Li hanno arrestati in pigiama, nel cuore della notte, come nella peggior tradizione sovietica. Leopoldo Lopez, sindaco d’opposizione e Antonio Ledezma, altra figura chiave dei democratici del Venezuela, sono stati prelevati così, senza un chiaro mandato, dai servizi segreti (Sebin). Sono gli ultimi due di una lunghissima serie di arresti politici, circa 500, che hanno preceduto, accompagnato e seguito, il processo di elezione della nuova Assemblea Costituente voluta fortemente dal presidente Nicolas Maduro.

È bene, prima di tutto, parlare fuor di metafora: quella a cui abbiamo assistito non è una vera e propria elezione, ma un golpe. E neppure troppo “bianco”, cioè incruento. È un colpo di spugna con cui il presidente socialista Maduro ha cancellato il Parlamento, dominato dai partiti di opposizione e lo ha sostituito in blocco con un altro organo legislativo, a lui fedele, con l’incarico di riscrivere la Costituzione. Considerando che l’Assemblea Costituente è formata esclusivamente da socialisti/populisti fedeli a Maduro, visto che l’opposizione ha boicottato il voto, si può benissimo immaginare quale sarà la prossima legge suprema del Venezuela, scritta a immagine e somiglianza dell’ideologia del “Socialismo del XXI Secolo” di Chavez e Maduro.

Perché è un golpe? Perché l’elezione della Costituente non è avvenuta nel rispetto del dettame dell’attuale Costituzione, prima di tutto.

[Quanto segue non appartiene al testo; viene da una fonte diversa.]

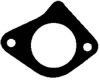 GLASER X04531-01 Gasket, intake manifold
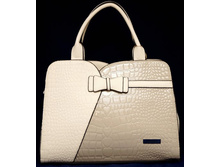 Tosoco 0299-220467 white-grey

Secondo l’attuale legge suprema venezuelana, infatti, il popolo deve votare con un referendum l’indizione di elezioni costituenti. Maduro ha saltato questo passaggio. Il referendum dell’opposizione, la settimana scorsa, mirava a lanciare un segnale chiaro al presidente. Nonostante le minacce e le violenze, 7 milioni e mezzo di venezuelani si sono recati alle urne per dire no all’Assemblea Costituente. Benché fosse nel rispetto della Costituzione vigente, Maduro lo ha dichiarato illegittimo. Secondo: è un golpe perché il voto per l’Assemblea Costituente non è stato né libero, né universale. In base a una sentenza molto discussa della Corte costituzionale, di cui abbiamo già parlato su queste colonne, il nuovo organo costituente può essere eletto senza suffragio universale. Si votava per categoria sociale e per regione. I seggi sono distribuiti in modo che abbiano più rappresentanza quelle regioni che sono note per il loro sostegno a Maduro. Si votava con i documenti di identità, ma anche con il “carnet de la patria”, un documento non ufficiale che è stato distribuito a milioni di cittadini dal partito di governo per ottenere pasti e beni di prima necessità a prezzo politico.

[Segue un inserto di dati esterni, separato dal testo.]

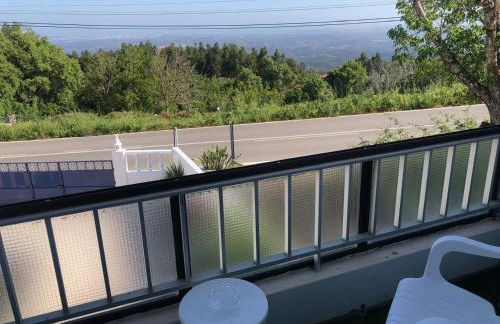 VIVENDA AZUL - Foto 33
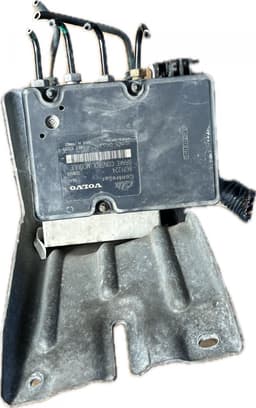 VOLVO ABS hydraulic unit / pump VOLVO S80 I (TS, XY) (1998-2006) — thumbnail 1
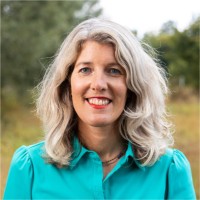 Carmen Molenaar
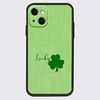 St. Patrick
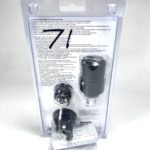 new-marinco-12vcp6-trolling-motor-plug-receptacle-with-8-awg-adapter-felix-ommo33069-20241202-153506-955745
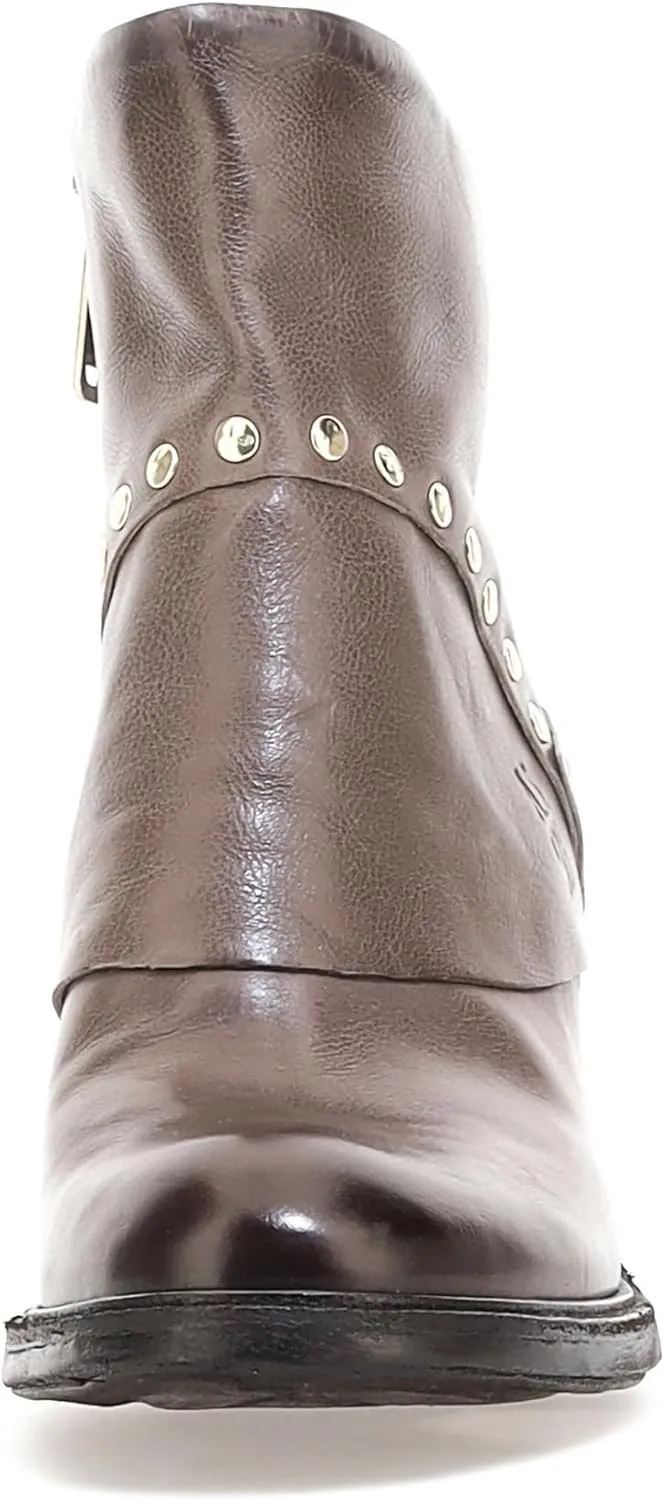 A.S.98 Jonas Women's Boots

All’opposizione, privata di voce e di rappresentanza politica, non è rimasta che la protesta di piazza. Ma Maduro ha vietato le manifestazioni e ha mandato le forze di sicurezza, con mezzi blindati, a presidiare le città. Gli scontri avvenuti fra venerdì e domenica, cioè negli ultimi due giorni di campagna e durante le operazioni di voto, sono stati i più violenti della storia recente del paese sudamericano. Nelle proteste, fra i primi, è morto Ricardo Campos, noto dirigente giovanile del partito di opposizione Azione Democratica. È stato ucciso a Cimanà, capitale dello stato di Sucre, nel Nordest del paese. Nella sola giornata di domenica le vittime sono state 16. La conta delle perdite umane, dal 1 aprile ad oggi, arriva a 127.

Lunedì, come era prevedibile, Maduro ha annunciato la vittoria dei socialisti all’Assemblea Costituente. Ma non si sa ancora quante persone abbiano realmente votato, anche considerando l’intricato sistema di voto. Era legale, per esempio, che una sola persona potesse votare anche due volte di fila, la prima perché appartenente alla sua categoria professionale/sociale, la seconda perché residente in quella determinata regione. L’opposizione denuncia un tasso di astensionismo reale pari all’88 per cento (dunque l’affluenza sarebbe di appena il 12 per cento). Maduro e fonti governative, al contrario, parlano di un’affluenza del 41,5 per cento.

È in questo contesto da pre-guerra civile che i due leader dell’opposizione sono stati prelevati dai servizi segreti. Sia Leopoldo López che Antonio Ledezma erano entrambi già agli arresti domiciliari, dopo un primo periodo di detenzione in carcere. Entrambi erano stati arrestati nel corso della prima grande ondata di proteste nel 2014. Benché tagliati fuori dalla politica attiva, durante le operazioni di voto erano riusciti a esprimersi, mandando messaggi in cui invitavano l’opposizione a boicottare il voto. Per questo hanno deciso di farli tacere. La loro destinazione è tuttora ignota.